So I'm fairly new to the banjo world and just recently upgraded to a Gold Tone CC-OT open back. Its 11 years old and I believe the previous owner had it in storage for a long while and didn't take good care of it. The banjo sounds great and plays well (in my novice opinion) but I am having trouble getting my intonation correct.

According to the cc-ot specs the scale length is 26-3/16". I originally placed my bridge in this position, but found better intonation when I placed it closer to tail piece by about an 1/8th of an inch and slightly slanted to accommodate the thicker strings.

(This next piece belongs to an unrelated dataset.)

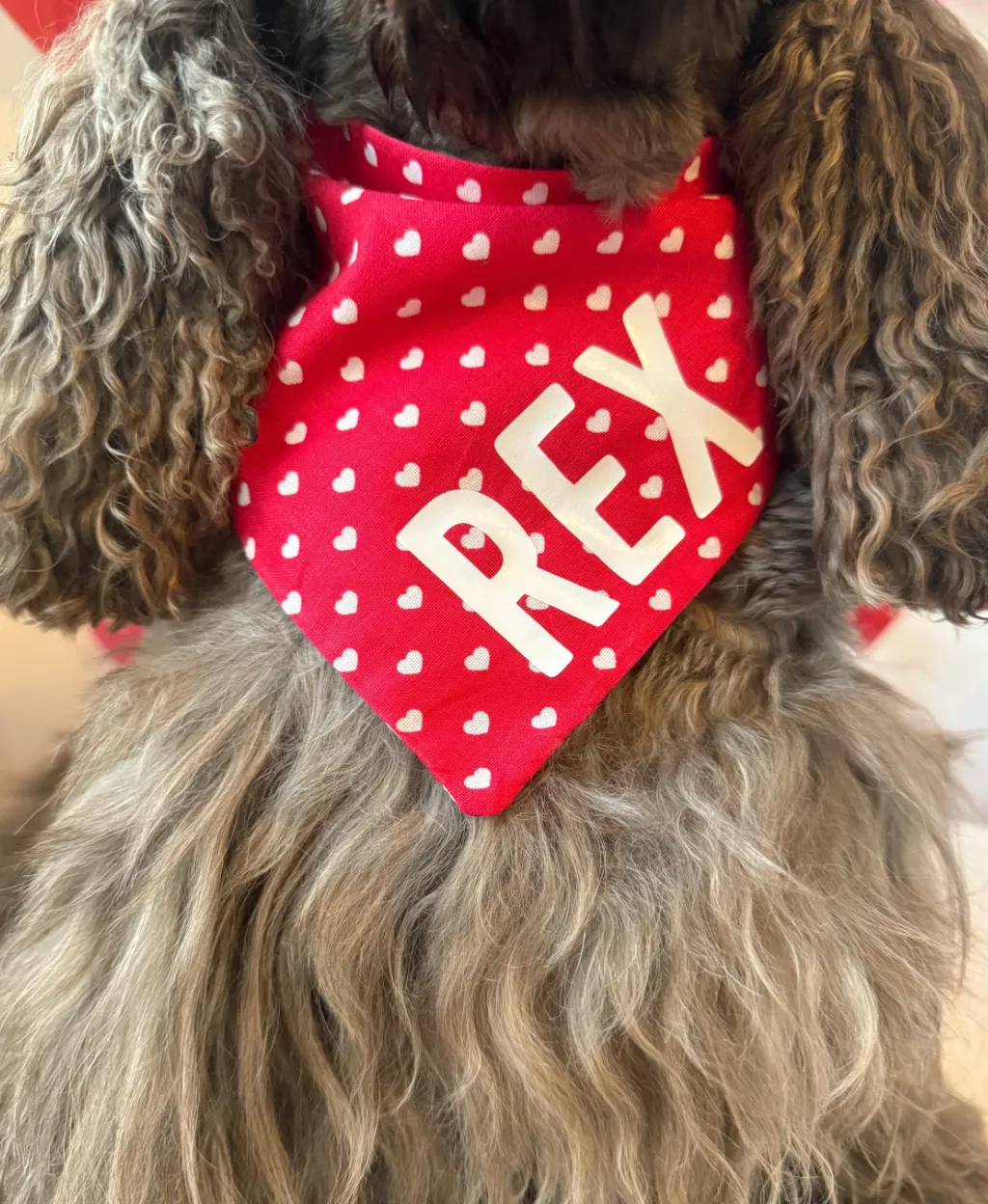 Valentine hearts Custom Scrunchie Dog Bandana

When turned i get the 12th fret harmonics just about spot on and the strings are tuned spot on. Never the less when I fret the strings 2,3,and 4 are a decent degree of sharp (pardon my ignorance in music language im still learning).

I've read a lot of forums and believe this old wonderful banjo may need a few tweaks and a tune up to get it back up to tip top shape. Any help would be wonderful! I just don't know where to start, or in other words, im not sure how to check the banjo out to see what needs to be done outside of New strings and bridge placement.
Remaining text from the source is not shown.